§ What needs to be done: What should be copied is the stretch of entries below from the line with "strawberry-shortcake-bridal-shower" up to and including the line with "Photo 6 of 107", exactly and without images.

§ Given information:
# # # #

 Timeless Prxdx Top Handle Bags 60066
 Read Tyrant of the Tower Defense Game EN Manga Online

# # # #

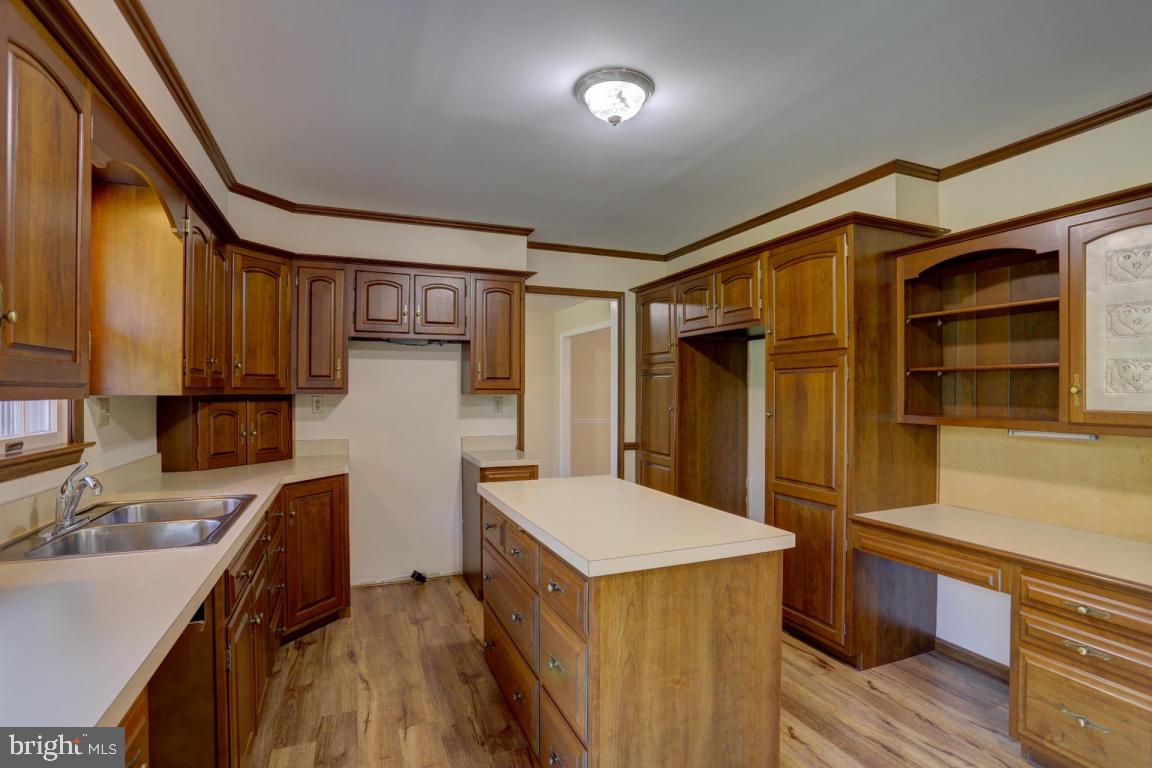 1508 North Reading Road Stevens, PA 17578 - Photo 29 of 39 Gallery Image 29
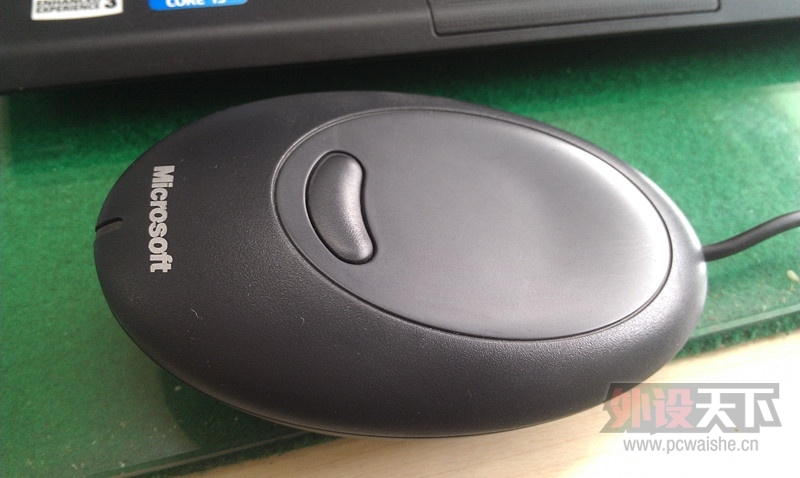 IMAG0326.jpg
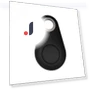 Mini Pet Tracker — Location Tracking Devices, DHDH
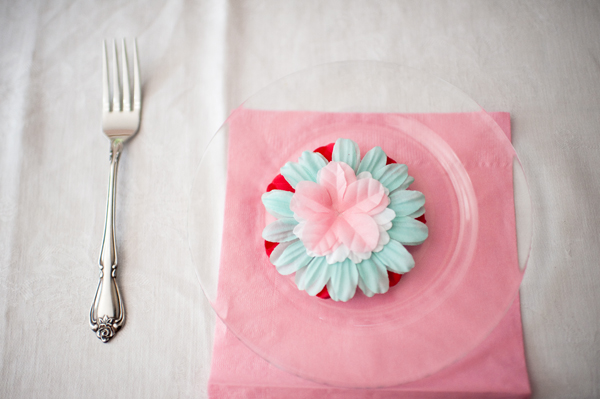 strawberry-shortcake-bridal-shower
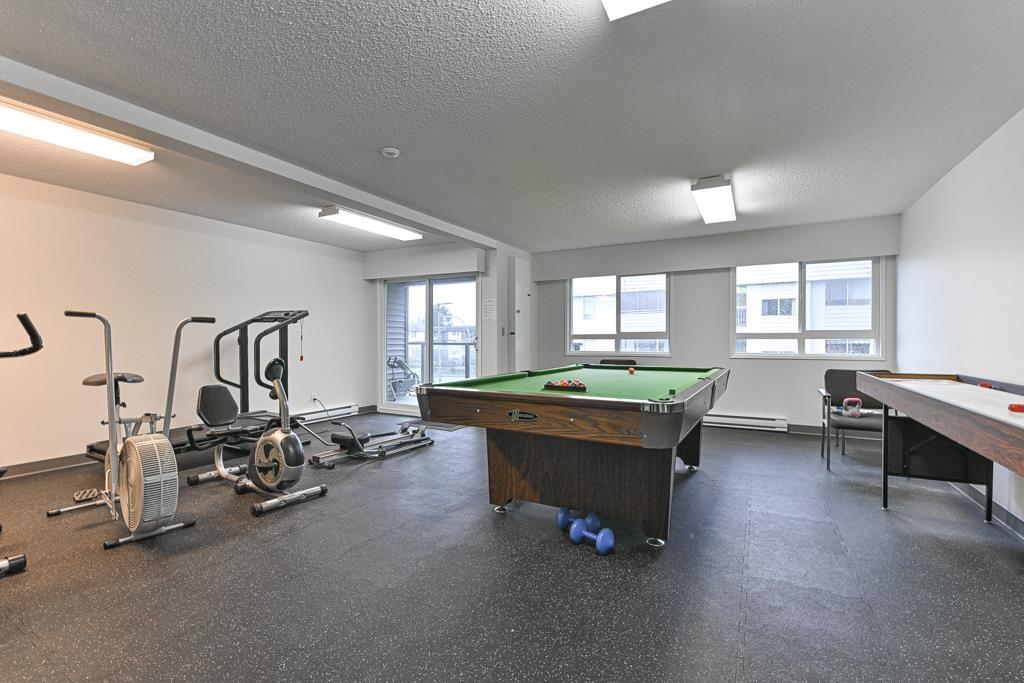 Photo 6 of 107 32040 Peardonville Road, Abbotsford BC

# # # #

§ Output of the task:
 strawberry-shortcake-bridal-shower
 Photo 6 of 107 32040 Peardonville Road, Abbotsford BC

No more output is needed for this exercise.